Starbucks' chief financial officer on Thursday said meeting the high end of the coffee shop chain's 2007 earnings forecast will be "very challenging" due to rising dairy costs and slowing sales growth in its U.S. business, sending shares to a 20-month low.
CFO Michael Casey also said the company would maintain the number of U.S. store openings at about 1,700 annually for the next few years to relieve pressure on older outlets, and so the company can funnel more resources into international markets including China and Brazil.
Starbucks has forecast fiscal 2007 earnings of 87 cents to 89 cents per share, while analysts, on average, expect 89 cents per share, according to Reuters Estimates.
"We recognize that the upper end of that range will be very challenging in the current environment, which includes, among other things, rising dairy costs and soft transaction growth in our U.S. business," Casey said during a presentation at the William Blair Growth Stock Conference in Chicago, which was broadcast over the Internet.
Starbucks' shares fell as much as 4.2 percent to $26.17, the lowest level since October 2005. The stock has dropped more than 30 percent since hitting a lifetime high of $40.01 on November 16, due to investor concerns about slowing growth and more competition from fast-food rivals in the United States, higher dairy and labor costs and weakened overall consumer spending.
"Dairy has risen at an extremely rapid rate in recent months and is expected to continue at a high level for the remainder of the year," Casey said.

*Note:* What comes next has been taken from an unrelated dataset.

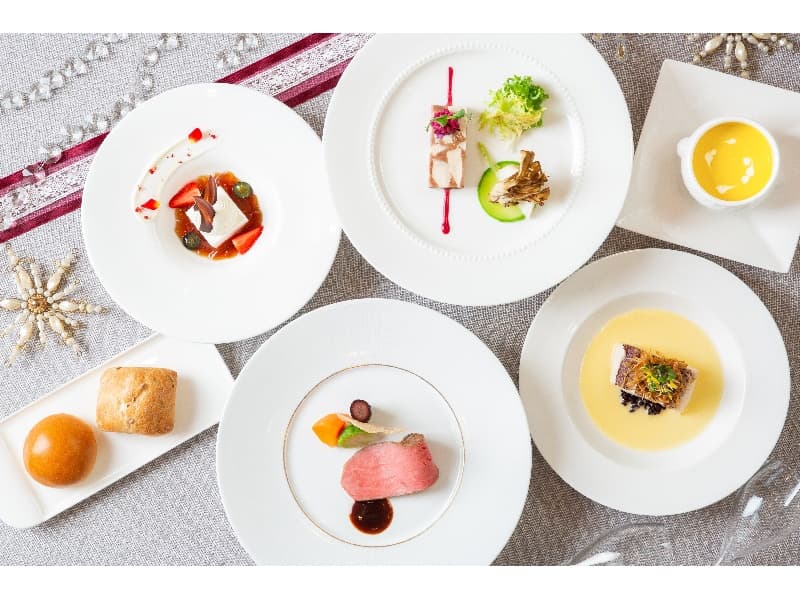 お好みの料理スタイルでお選びいただける、飲み放題付きのお得なプラン。
ご予定、ご計画に合わせてご提案させていただきますので、お気軽にご相談ください。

Don Gher, chief investment officer of Bellevue, Washington-based Coldstream Capital Management, said higher dairy prices, increased competition and slower sales growth have created a "perfect storm of nagging little problems" that are preventing Starbucks' results from exceeding Wall Street estimates -- a phenomenon many investors had come to count on.
"Whereas in past years the company has always seemed to underpromise and overdeliver, currently they are in a year where they will be promising or guiding and just delivering on their guidance," Gher said. "That tends to take momentum players out of the equation. They walk away from stocks like that."
Both Gher and Coldstream own Starbucks shares.
Also on Thursday, Casey said the Seattle-based company still plans to open 2,400 stores this year, including 1,700 in the United States. The number of U.S. store openings will likely not increase in the next few years, he said.
"Going forward, maintaining the number of U.S. openings at the current level over the next several years will allow us to be more selective in choosing locations and will reduce the pressure new stores put on existing stores," he said.
Starbucks plans to increase the number of international stores by 20 percent annually over the next few years, Casey said. Starbucks in recent years has increased emphasis on its international business and has said China will one day be its biggest market outside the United States.
"The international business is one of our key growth drivers going forward, and one that investors have not fully recognized," Casey said.
He repeated a previous company forecast that same-store sales, or sales at coffee shops open at least 13 months, will rise 3 percent to 7 percent in the current fiscal year. He also reiterated the company's target of 20 percent net revenue growth this year.